_YOUR OBJECTIVE_
Your answer must be an exact copy of the data, without any pictures.

TASK INPUT below:

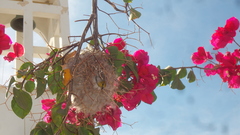 Auriparus flaviceps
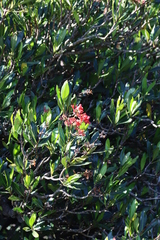Flametree (Alberta magna)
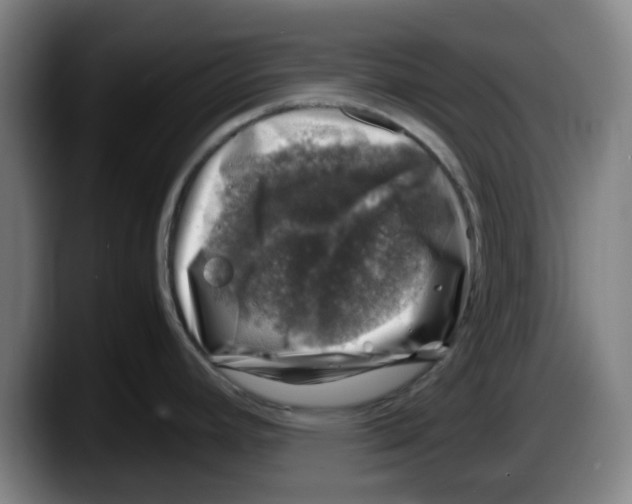 X0000087601392200705251913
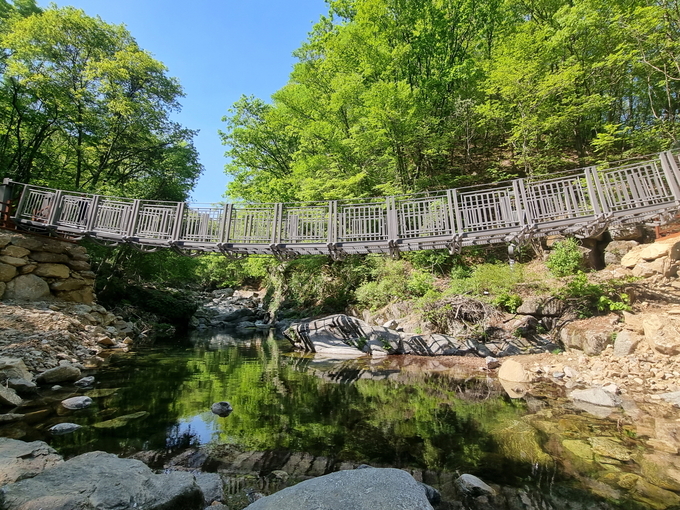 가평 연인산 명품 계곡길(출렁다리)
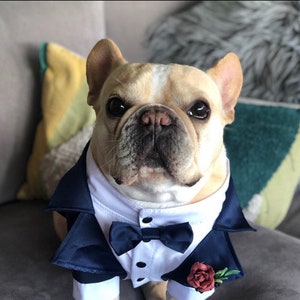 Classic NAVY Dog Tuxedo Black Tie Dog Wedding Bow Tie Flower Boutonniere Dress Code Evening dog outfit Dog BirthdayBark&Go image 7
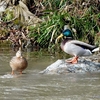 日本　2月15日自宅周辺の野鳥たち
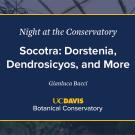 A digital event slide for Night at the Conservatory at UC Davis Botanical Conservatory. The slide has a navy blue background with white and yellow text, featuring the title Socotra: Dorstenia, Dendrosicyos, and More by Gianluca Bacci. A blurred greenhouse image is visible in the background.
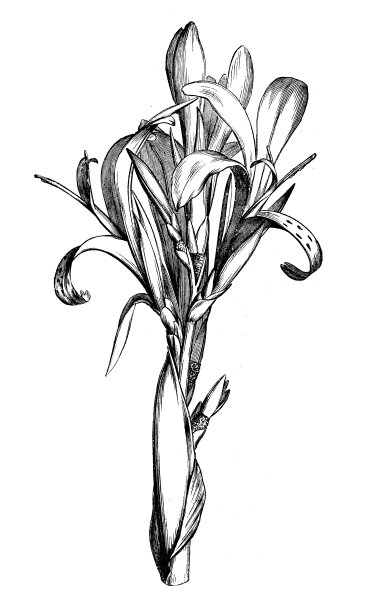 古董植物学插图:美人蕉，罗斯科胡克图片下载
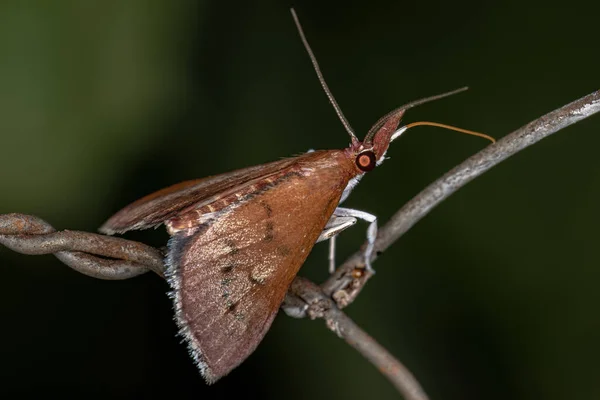 Pyrausta Argentalis Een Vlinder Uit Familie Van Grasmotten Crambidae — Stockfoto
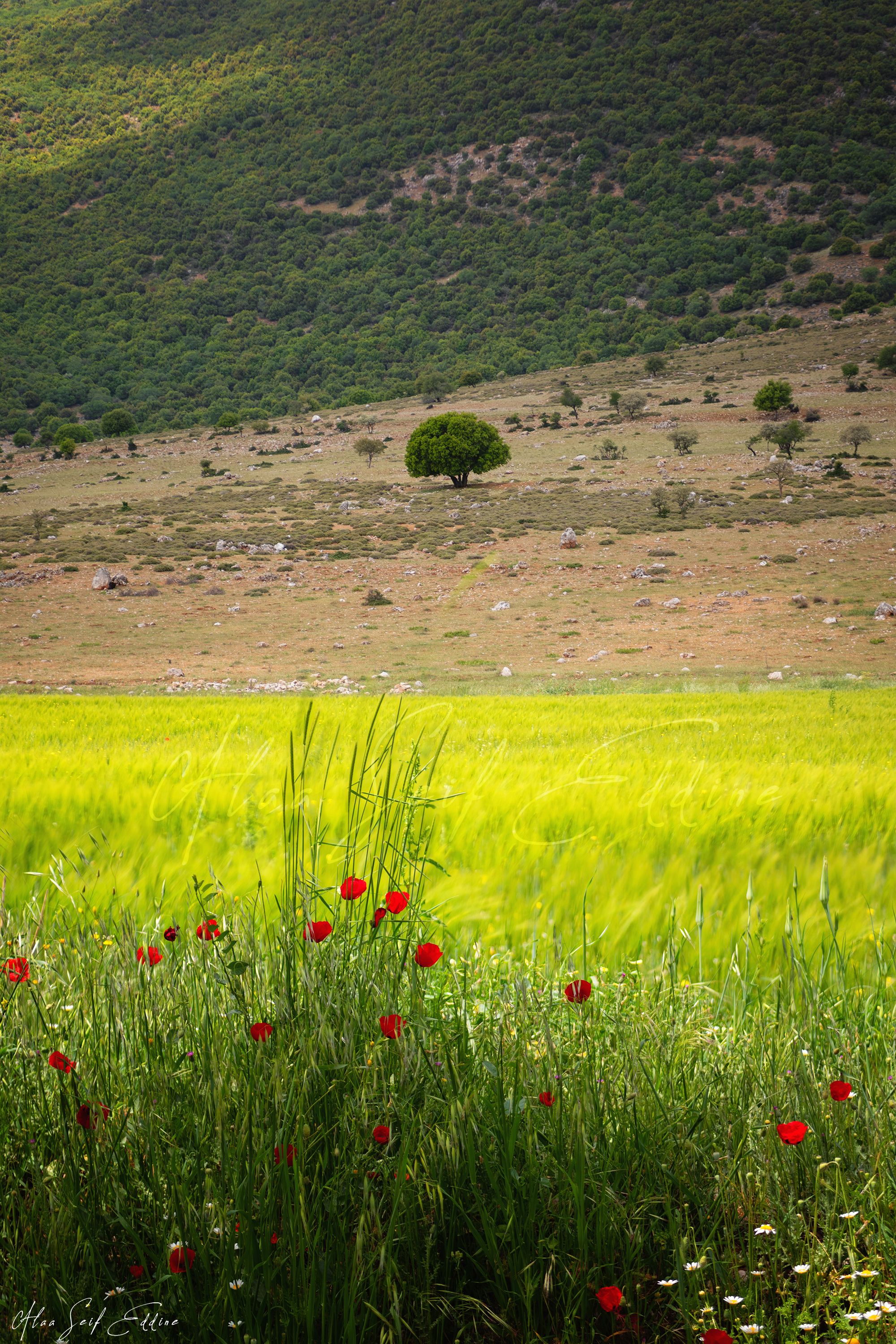 nature, spring, colors, colorful, landscape, wind, therapy, alaaseifeddinephotography, Alaa Seif Eddine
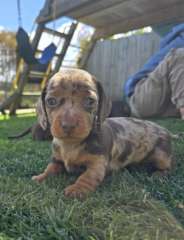 Miniature dachshunds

End of TASK INPUT.

_WRITTEN RESPONSE_
 Auriparus flaviceps
Flametree (Alberta magna)
 X0000087601392200705251913
 가평 연인산 명품 계곡길(출렁다리)
 Classic NAVY Dog Tuxedo Black Tie Dog Wedding Bow Tie Flower Boutonniere Dress Code Evening dog outfit Dog BirthdayBark&Go image 7
 日本　2月15日自宅周辺の野鳥たち
 A digital event slide for Night at the Conservatory at UC Davis Botanical Conservatory. The slide has a navy blue background with white and yellow text, featuring the title Socotra: Dorstenia, Dendrosicyos, and More by Gianluca Bacci. A blurred greenhouse image is visible in the background.
 古董植物学插图:美人蕉，罗斯科胡克图片下载
 Pyrausta Argentalis Een Vlinder Uit Familie Van Grasmotten Crambidae — Stockfoto
 nature, spring, colors, colorful, landscape, wind, therapy, alaaseifeddinephotography, Alaa Seif Eddine
 Miniature dachshunds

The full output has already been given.